Each element type specification is either:

a node type specification (see §18.2)
an edge type specification (see §18.3)

For each of these, there are two ways to describe the type:

a “pattern” that is similar in syntax to node or edge patterns in queries,
a “phrase” that is more explicit and verbose.

The simplest and most compact form of a node type specification is as a pattern:

(:label {
  prop1 :: type1,
  prop2 :: type2,
  // etc.
})

node type pattern basics

The label set defines the “keys” by which the type can be referenced and also used to query for matching nodes. A node type can also define additional non-keyed labels and the union of these and the keyed labels are the total set of labels for the type. For example, we could model animal nodes as the following:

(:cat => :mammal:animal),
(:dog => :mammal:animal)

animals as nodes

The node types for cat and dog are keyed with unique labels but also have the labels mammal and animal on the same nodes.

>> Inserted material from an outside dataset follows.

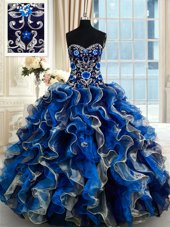 Vintage Beading and Ruffles Sweet 16 Dress Multi-color Lace Up Sleeveless Floor Length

Similarly, we can specify edges with patterns:

(:Person)~[:sibling]~(:Person),
(:Person)-[:children]->(:Person)

edge patterns

The first edge pattern is an undirected edge that is keyed with sibling and has two endpoints whose type is keyed with Person. The second edge pattern is a directed edge that is keyed with children and has a source and destination type that is keyed with Person.

A worked example

If we imagine we’re trying to structure a graph to represent data retrieved from resources using the Person type from schema.org, we can see how these declarations fit together as well as the “rough edges” of graph typing.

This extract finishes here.